Sunday, I discussed the first Easter. It was a distressing day for Jesus disciples. When you read the Gospel accounts, you see the immediate response of the disciples was fear and despair, rather than joy.

Consider the account of the two walking sorrowfully along the Emmaus road. A stranger joined them as they walked and asked them what it was that they were talking about so sadly. They told him about Jesus’ death and the empty tomb. “But we trusted that it had been he which should have redeemed Israel: and beside all this, to day is the third day since these things were done (Jn 24:21).” They were blinded by their grieving, and did not recognize that the stranger who walked with them was the Risen Lord. “O slow of heart to believe all that the prophets have spoken (Lk 24:25)!”

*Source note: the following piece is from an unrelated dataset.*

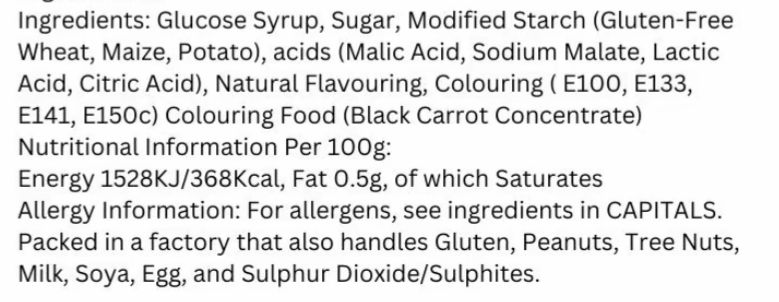 Skull Mix 1kg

Does their blindness surprise you? Consider what had happened. The death of Jesus upon the cross spelled the end of his followers’ hopes. The triumphant entrance of Jesus into Jerusalem on Palm Sunday the prior week The triumphant procession into the Holy City only a week before where Jesus was hailed as the Messiah by the crowds must have seemed like a farce following his death on Calvary. A week after this apparent triumph, Jesus was executed, dead, and buried. How could this be the Messiah? Even worse, the body was now gone.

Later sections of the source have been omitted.